ACTIVITY >> Taking the entries below, transcribe only the lines starting with the one with "Un fals însoțitor" and going on through the one with "Edo Mortara im", exactly as written, without the pictures.

Scraped caption text data:
:::::
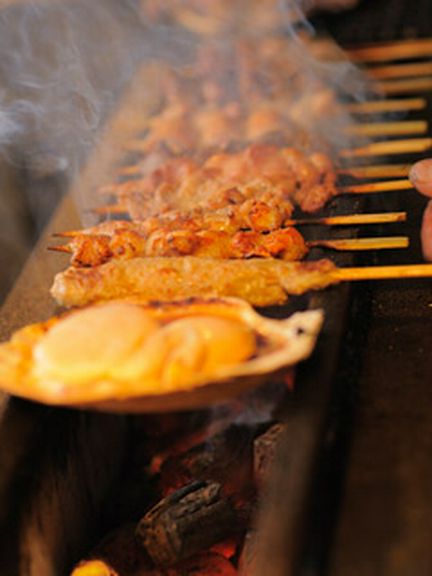 炭焼は最高の焼き加減を見極め、旨味の頂点へ導きます。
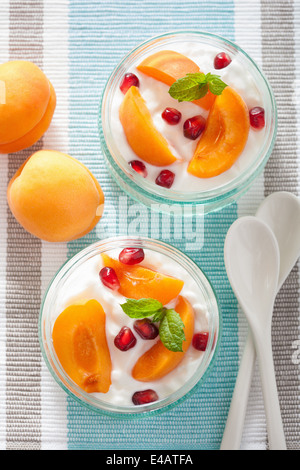 Sana colazione con yogurt albicocca melograno Foto Stock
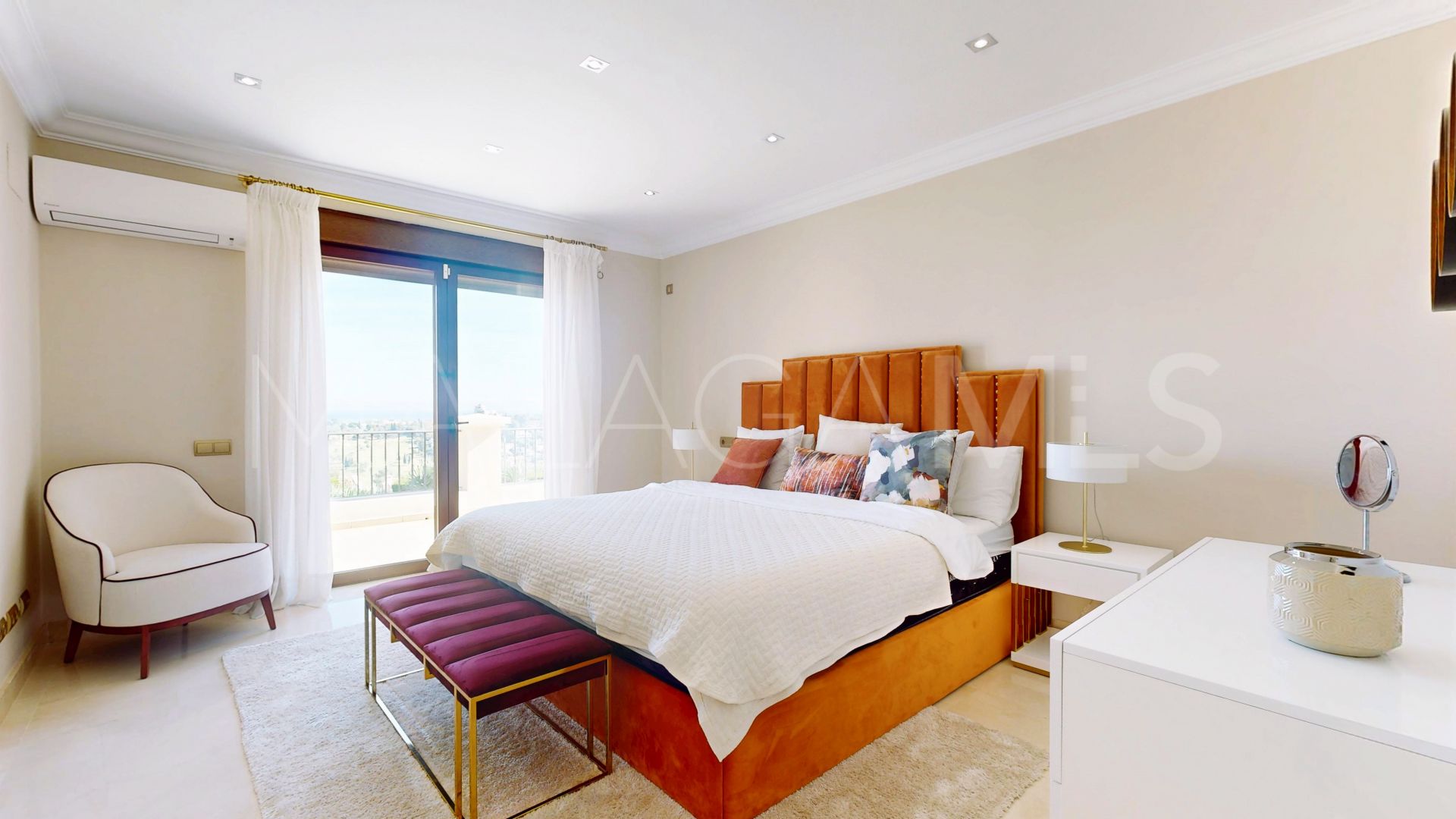 Villa in Altos del Paraiso for sale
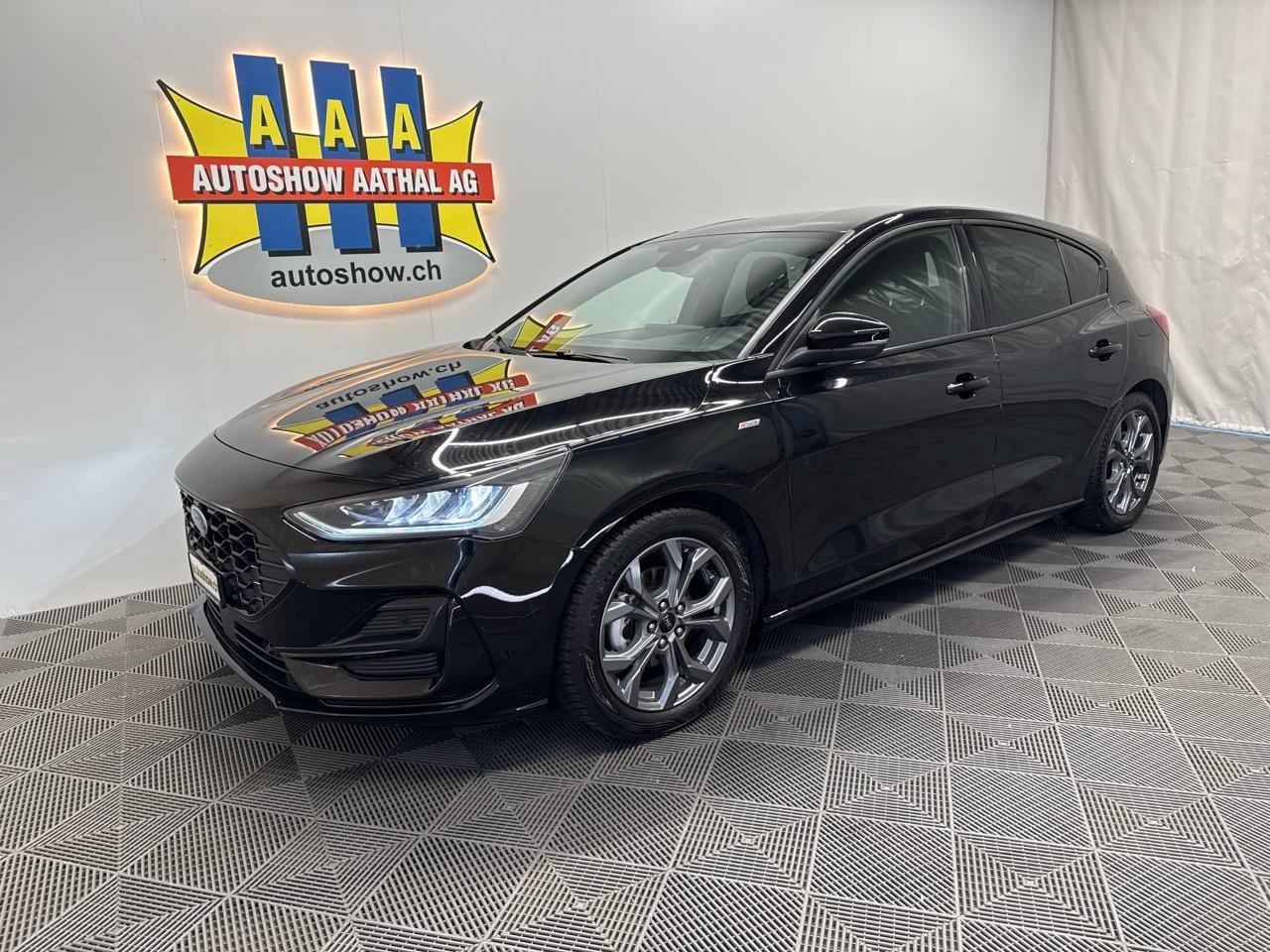 FORD Focus 1.0 MHEV ST-Line Automat-image-0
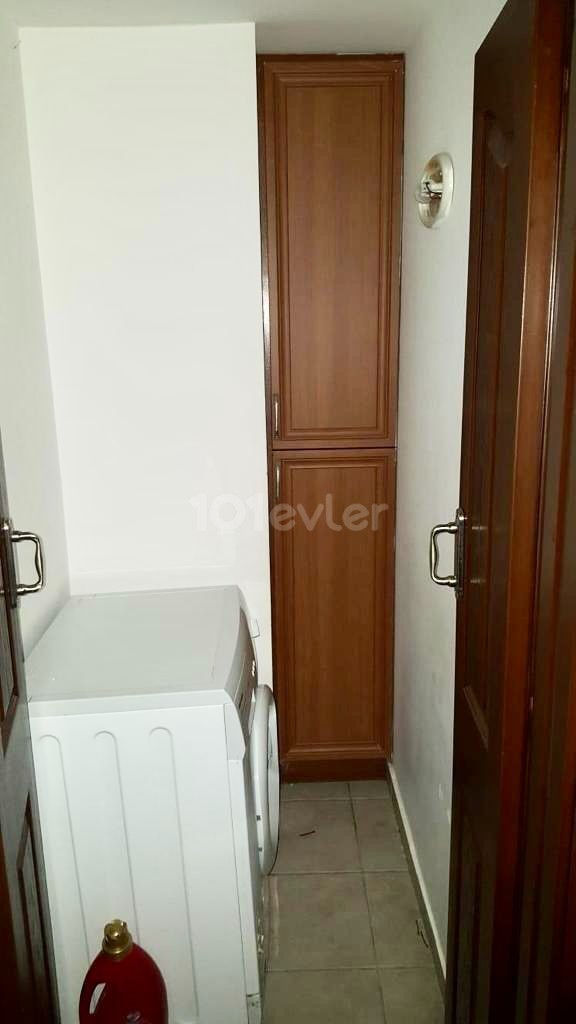 Flat To Rent in Yukarı Girne, Kyrenia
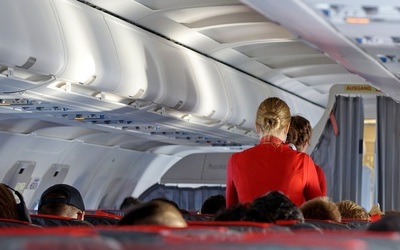 Un fals însoțitor de zbor a efectuat 120 de zboruri înainte de a fi arestat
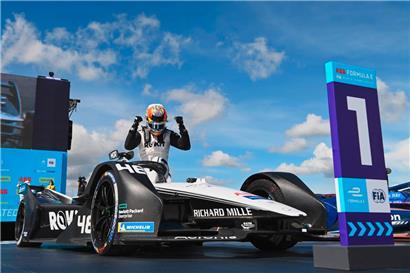 Edo Mortara im Venturi-Mercedes: Die Außenseiter sind Gesamtführende
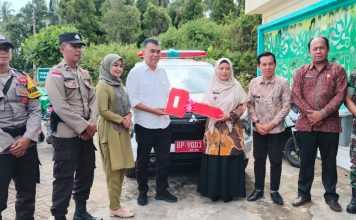 Optimalisasi Layanan Kesehatan di Wilayah Terpencil, Bupati Natuna Serahkan Ambulans dan Kendaraan Dinas ke Puskesmas Pulau Tiga Barat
:::::
ANSWER TO THIS EXERCISE >>
 Un fals însoțitor de zbor a efectuat 120 de zboruri înainte de a fi arestat
 Edo Mortara im Venturi-Mercedes: Die Außenseiter sind Gesamtführende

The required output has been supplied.